The fact that the article had been written in the first place and given such prominence was of course a sign that Blomkvist’s position was still strong. No-one would say that the column was well written or original, and it should have been easy to dismiss as yet another attack by a jealous colleague. But for some reason, incomprehensible in retrospect, the whole thing blew up. At first it might have been interpreted as a spirited discussion about journalism, but gradually the debate began to go off the rails. Although the serious press stayed out of it, all kinds of invective was being spewed out on social media. The offensive came not only from financial journalists and industry types, who had reason to set upon their enemy now that he was temporarily weakened, but also from a number of younger writers who took the opportunity to make a name for themselves. They pointed out that Blomkvist was not on Twitter or Facebook and should rather be seen as a relic of a bygone age in which people could afford to work their way through whichever strange old volumes happened to take their fancy. And there were those who took the opportunity to join in the fun and create amusing hashtags like #inblomkvistsday. It was all a lot of nonsense and nobody could have cared less than Blomkvist — or so he persuaded himself.

It certainly did not help his cause that he had not had a major story since the Zalachenko affair and that Millennium really was in a crisis. The circulation was still O.K., with 21,000 subscribers. But since advertising revenue was falling dramatically and there was now no longer additional income from their successful books, and since one of the shareholders, Harriet Vanger, was not willing to put up any more capital, the board of directors had, against Blomkvist’s wishes, allowed the Norwegian Serner newspaper empire to buy 30 per cent of the shares. That was not as odd as it seemed, or not at first sight.
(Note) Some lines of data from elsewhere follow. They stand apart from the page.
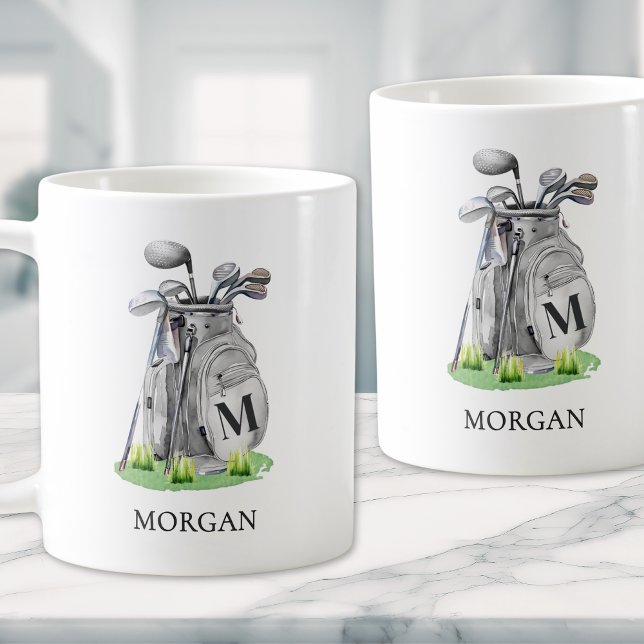 Monogram Golf Bag Kaffeetasse (Monogram Golf Bag Coffee Mug)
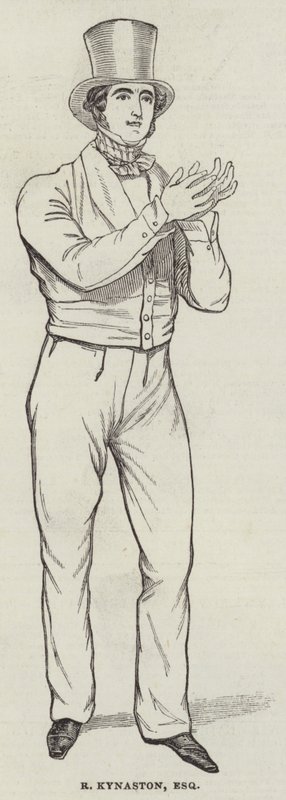 R Kynaston, Esquire (metszet) alkotó: English School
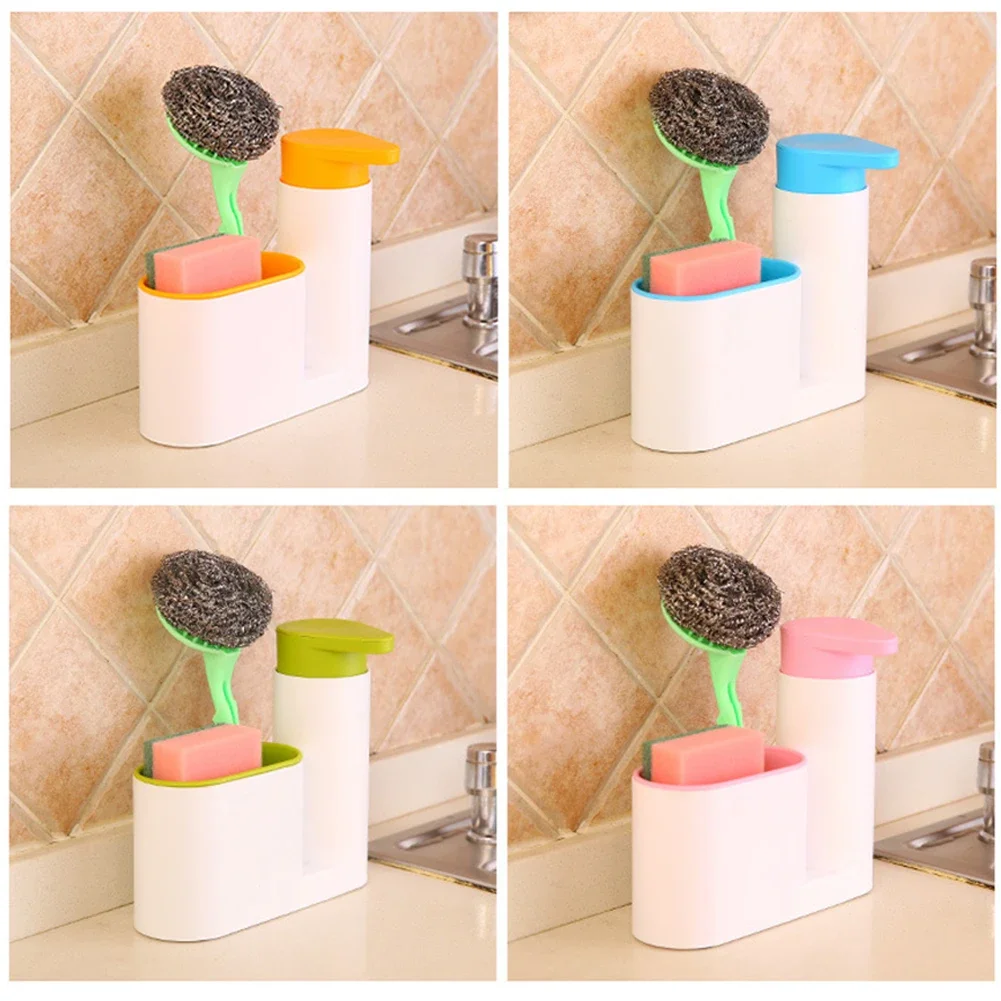 Newest Portable Home Bathroom Plastic Shampoo Soap Dispenser Practical Liquid Soap Shampoo Shower Gel Container Holder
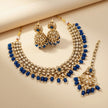 Bridal Jewelry Set – Aqua Crystal & Antique Gold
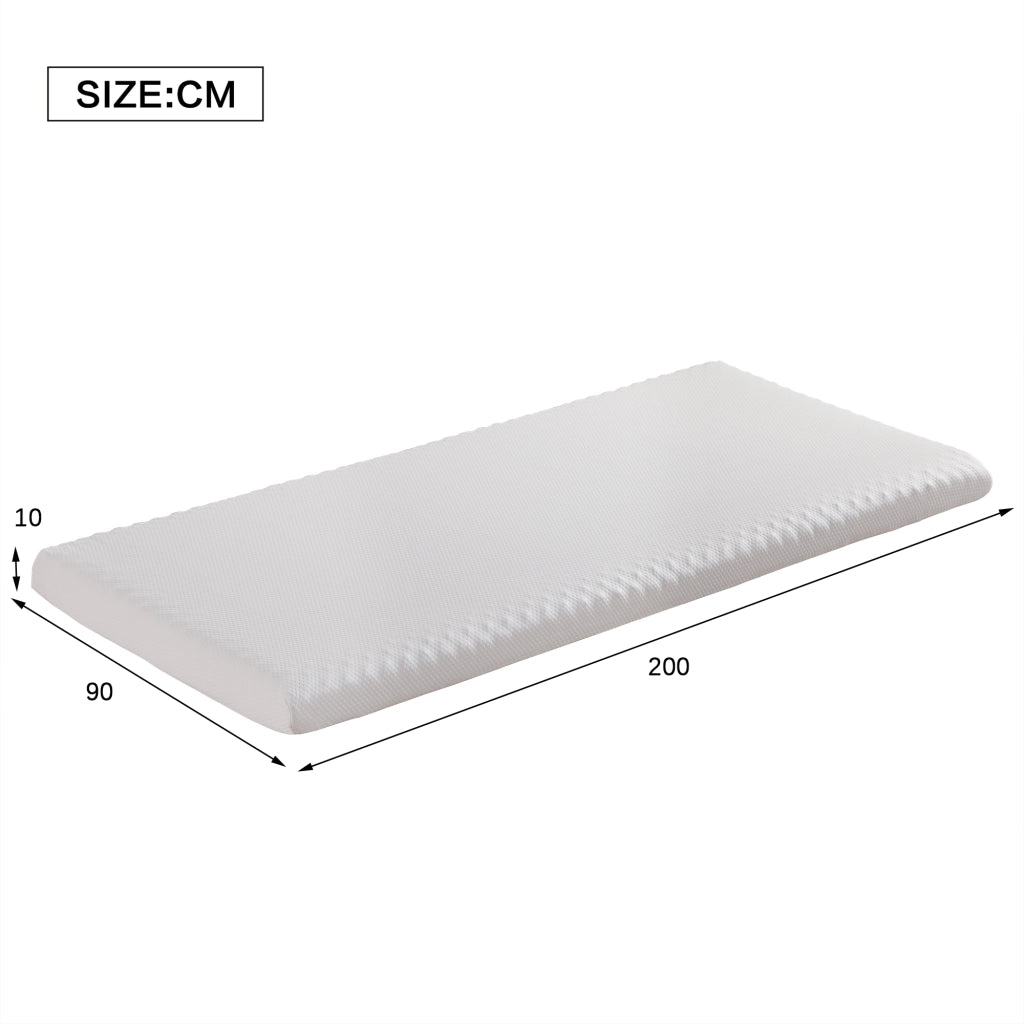 Materasso Ergonomico ¨C MINIMAL ¨C Bianco/Grigio, Tessuto a Nido d'Ape, H3, 90x200cm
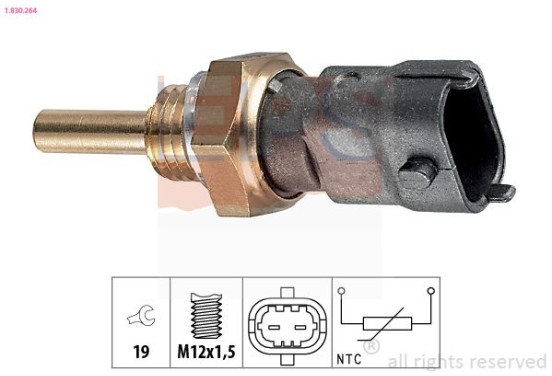 Temperatuursensor 1.830.264 EPS Facet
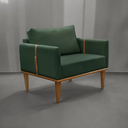 Ver imagem 5 de Poltrona Milla Luxo 80 82 X 76 Cm Verde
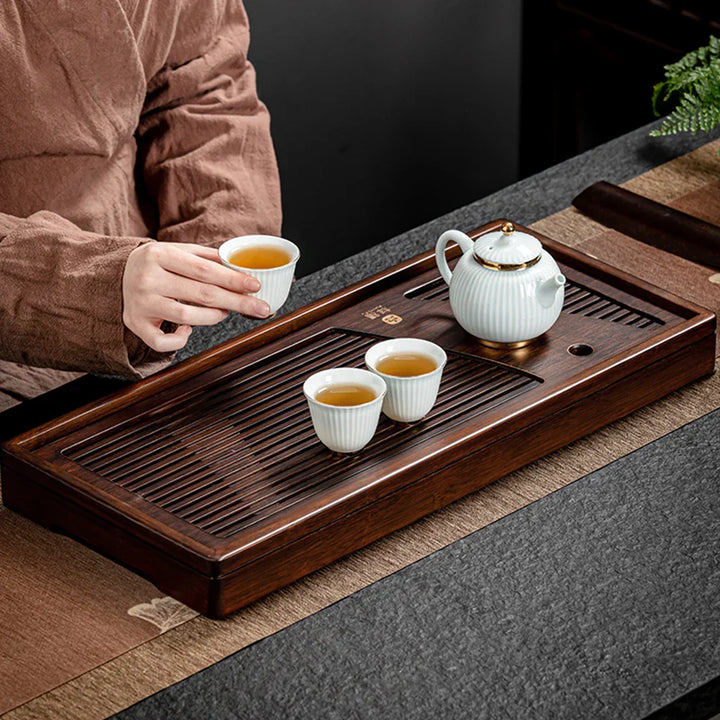 Lisslune | Bamboo Solid Wood Tea Ceremony Tray
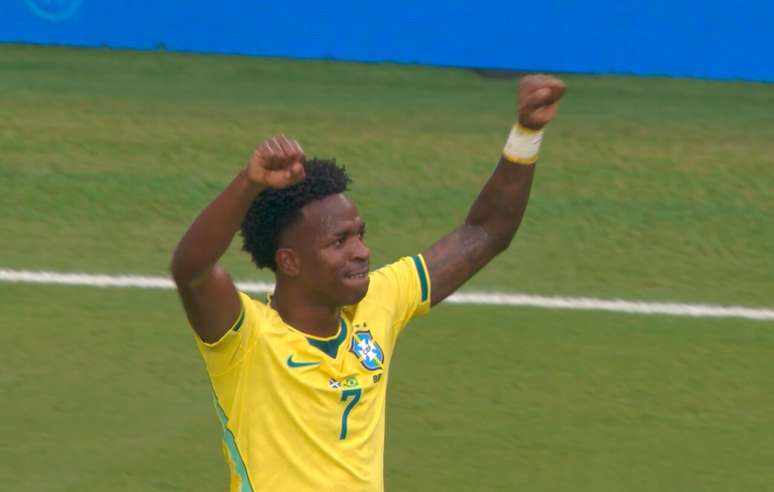 Vini Jr marca nos tr&ecirc;s primeiros jogos do Brasil na Copa do Mundo &ndash;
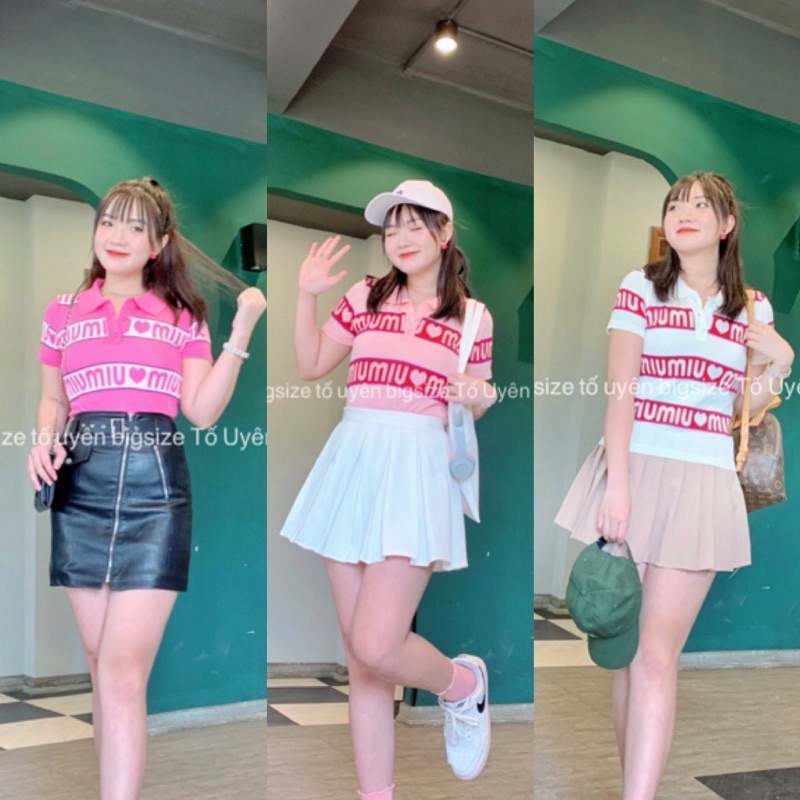 (T.U Bigsize 50-75kg) Áo Len Mongtoghi Dáng Ngắn Cổ Bẻ Hoạ Tiết Lạ Hàng QCCC #2202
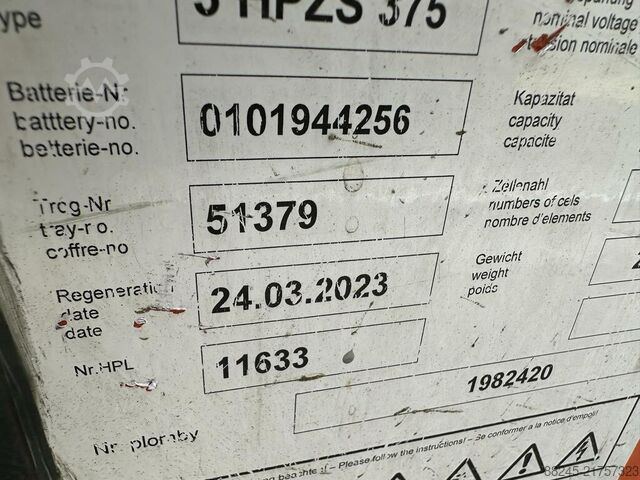 Still VS-22821 electric stacker, 4266mm lift height, battery from 2023. STILL EXV14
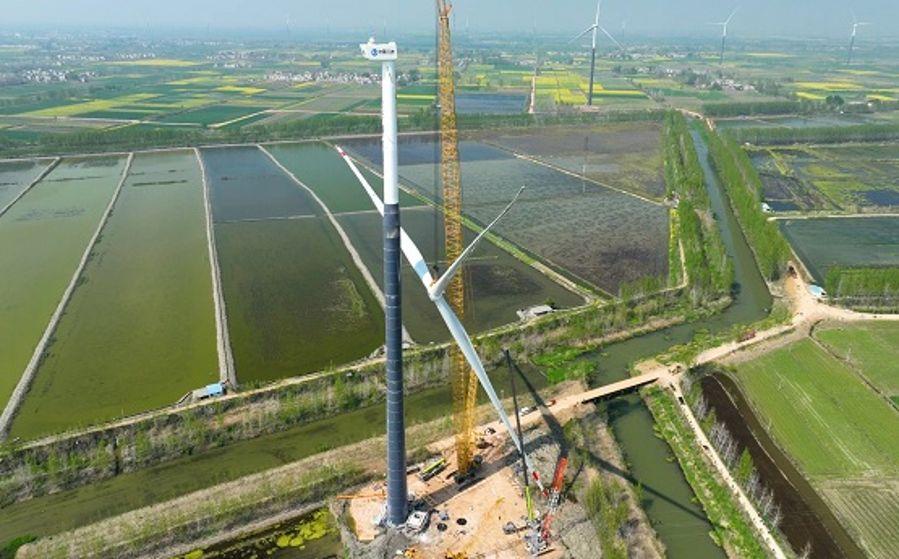 古天乐代言太阳集团首个超高混塔平原风电项目——新能源公司天门净潭风电场风机叶片吊装 古天乐代言太阳集团首个超高混塔平原风电项目——新能源公司天门净潭风电场风机叶片吊装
Serner published weekly magazines and evening papers and owned a large online dating site and two pay-T.V. channels as well as a football team in Norway’s top division, and it ought not to be having anything to do with a publication like Millennium .

But Serner’s representatives — especially the head of publications Ove Levin — had assured them that the group needed a prestige product and that “everybody” in the management team admired Millennium and wanted only for the magazine to go on exactly as before. “We’re not here to make money!” Levin said. “We want to do something significant.” He immediately arranged for the magazine to receive a sizeable injection of funds.

At first Serner did not interfere on the editorial side. It was business as usual, but with a slightly better budget. A new feeling of hope spread among the editorial team, sometimes even to Blomkvist, who felt that for once he would have time to devote himself to journalism instead of worrying about finances. But then, around the time the campaign against him got under way — he would never lose the suspicion that the Serner Group had taken advantage of the situation — the tone changed and they started to apply pressure.

Levin maintained that of course the magazine should continue with its in-depth investigations, its literary reporting, its social fervour, all of that stuff. But surely it was not necessary for all the articles to be about financial irregularities, injustices and political scandals. Writing about high society — about celebrities and premieres — could also produce brilliant journalism, so he said, and he spoke with passion about Vanity Fair and Esquire in America, about Gay Talese and his classic piece, “Frank Sinatra has a Cold”, and about Norman Mailer and Truman Capote and Tom Wolfe and heaven knows who else.

Blomkvist did not actually have any objections to that, not at the time. Six months earlier he had himself written a long piece about the paparazzi industry, and as long as he could find a serious angle then he was content to profile just about any lightweight. In fact he always said it isn’t the subject that determines if it’s good journalism, it’s the reporter’s attitude. No, what he objected to was what he sensed was there between the lines: that this was the beginning of a longer-term assault and that, to the group, Millennium was just like any other magazine, a publication you can damn well shift around any which way you want until it becomes profitable — and colourless.